A combination of political instability, falling consumer confidence and a currency devaluation has translated into inconsistent performance for Tunisia’s retail sector in recent years. However, despite the difficulties, the formalisation of distribution networks, and the increase in global brands and food franchises continues to expand modern shopping opportunities. The government’s commitment to security upgrades after the terrorist attack in 2015 is likely to positively impact buyer confidence in 2018, especially as the number of foreign tourists is once again on the rise. While certain macroeconomic conditions and regulatory changes have had a noticeable effect on purchasing power, the retail sector continues to present good prospects for domestic and international operators alike.
On the Ground
As the smallest country in North-west Africa by area, Tunisia lacks the sizeable population of neighbouring Algeria as well as the competitive formal sector that characterises Morocco’s retail sector. However, the country’s cultural links to Europe and its fairly substantial middle class have made it an interesting market for expansion over the past 15 years.

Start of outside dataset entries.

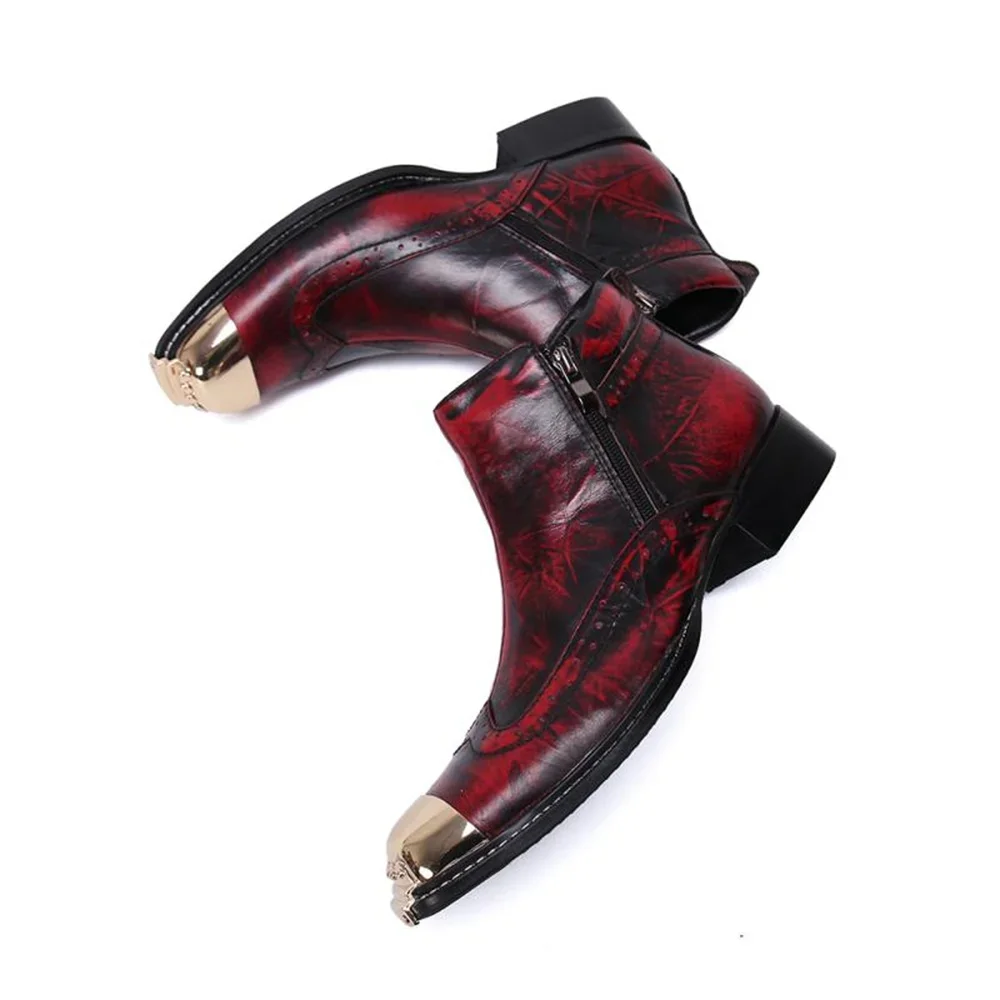 Red Printing Wit Gold Metal Zipper Genuine Leather High Heels Pointed Toe Boots Male Plus Size Fashion Party Wedding Dress Shoes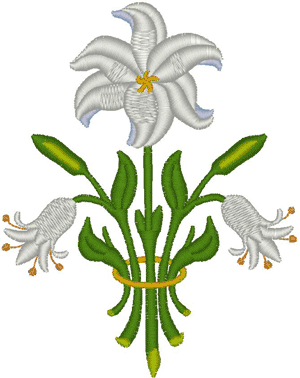 St. Clement's Altar Guild Vestment Lily Embroidery Design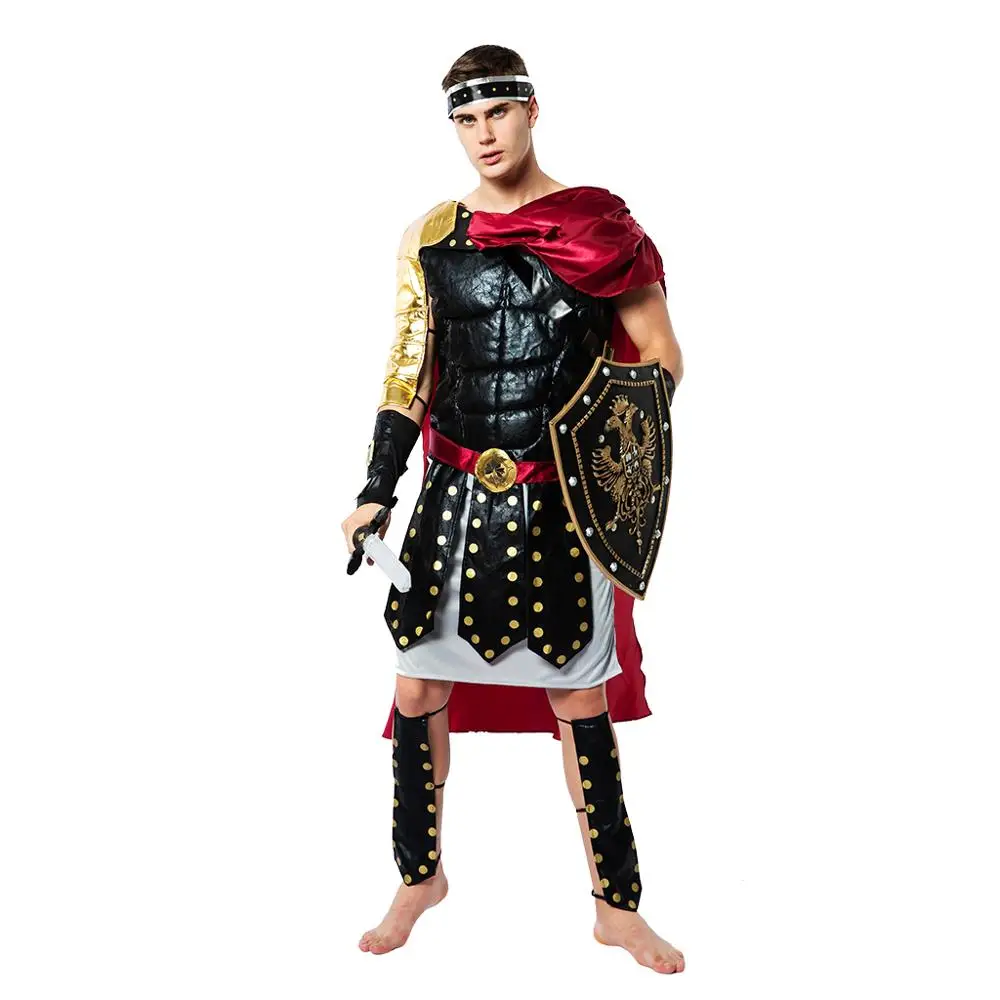 Eraspooky Medieval Roman Royal Knight Warrior Cosplay  Costume For Men Adult Car - £114.57 GBP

The sector is not without its challenges, however. The informal marketplace, which has traditionally been a hindrance for other regional retail markets too, has taken a stronger role in Tunisia’s commerce activities following the 2011 revolution and subsequent economic instability. According to a 2017 study by the Confederation of Corporate Citizens of Tunisia, a employers’ union, the value of the informal segment was estimated at 38% of GDP.
In addition, as is the case throughout the region, small shopkeepers have proved resilient in the face of modern retail development and continue to hold a dominant place. While the sector thus remains underdeveloped in comparison to its Maghreb peers, there are significant opportunities for investors.

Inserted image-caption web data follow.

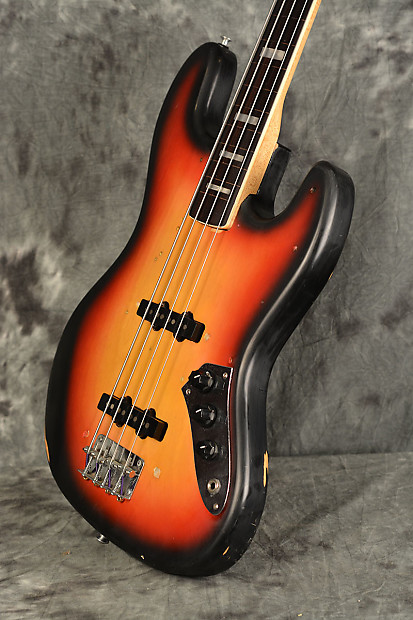 Hohner Vintage Lawsuit Jazz Bass  1975 3 Tone Sunburst Fretless Jaco Pastorius Conversion w Hardcase image 1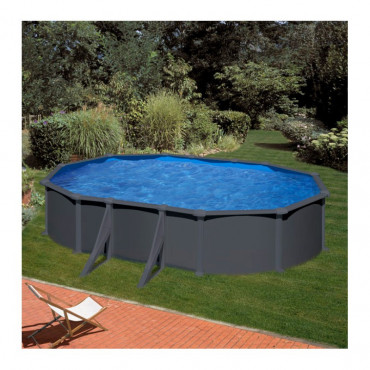 Kit piscine hors sol acier ovale Juni avec renforts apparents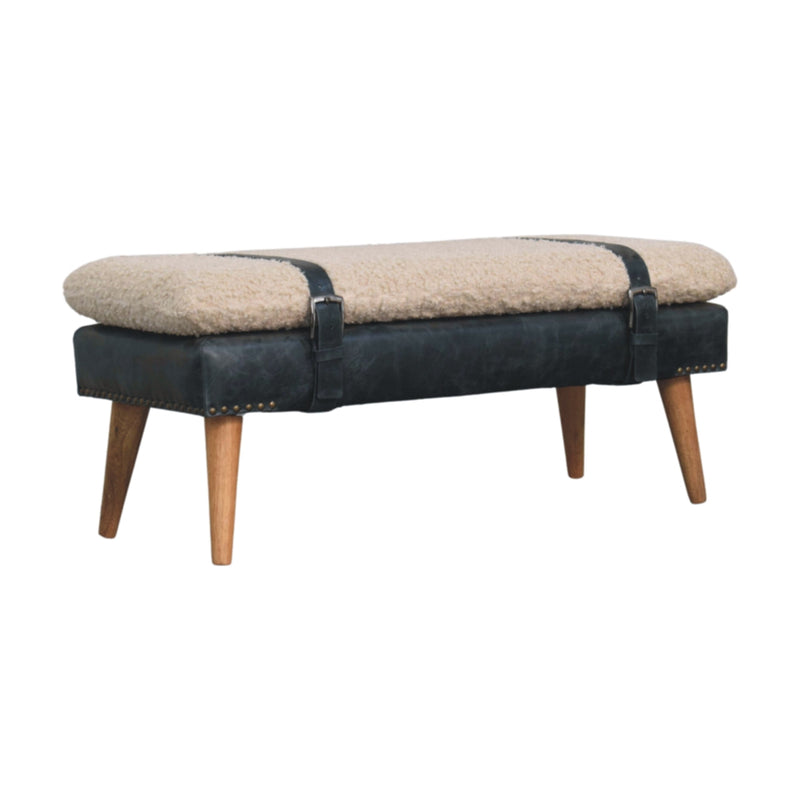 Boucle x Black Leather Bench Artisan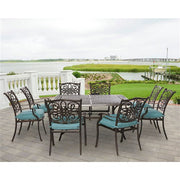 Hanover - Traditions 9pc: 8 Dining Chairs, 60" Square Cast Table - Blue/Cast-United Backyard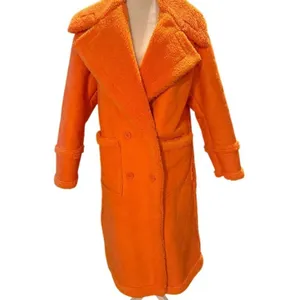 Azalea Wang Coat Womens Size S Orange Sherpa Lined Long Double Breasted thumbnail 2
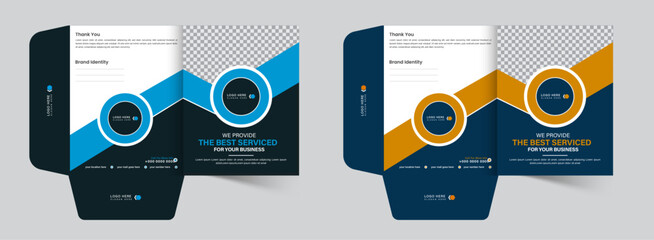 Unique presentation folder template, creative and Luxury folder design, Corporate business editable vector file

According to consulting firm AT Kearney’s 2017 Global Retail Development Index, which tracks the top-30 developing retail markets worldwide, Tunisian retail sales totalled $15bn in 2016. Marginal improvements across all dimensions on the index saw Tunisia increase its position by two places on the previous year, ranking 24th overall in terms of attractiveness for retail development. To compare, Morocco came in ninth place, followed by Saudi Arabia (11th), Algeria (14th) and Jordan (15th).
Furthermore, according to the market saturation category on AT Kearney’s index, Tunisia scored 74.4 out of 100 points, indicating that the market still remains somewhat underexplored in terms of retail offerings, leaving ample room for development. Jordan scored 64.7 points in the category, followed by Morocco with 64.5 and Saudi Arabia with 22.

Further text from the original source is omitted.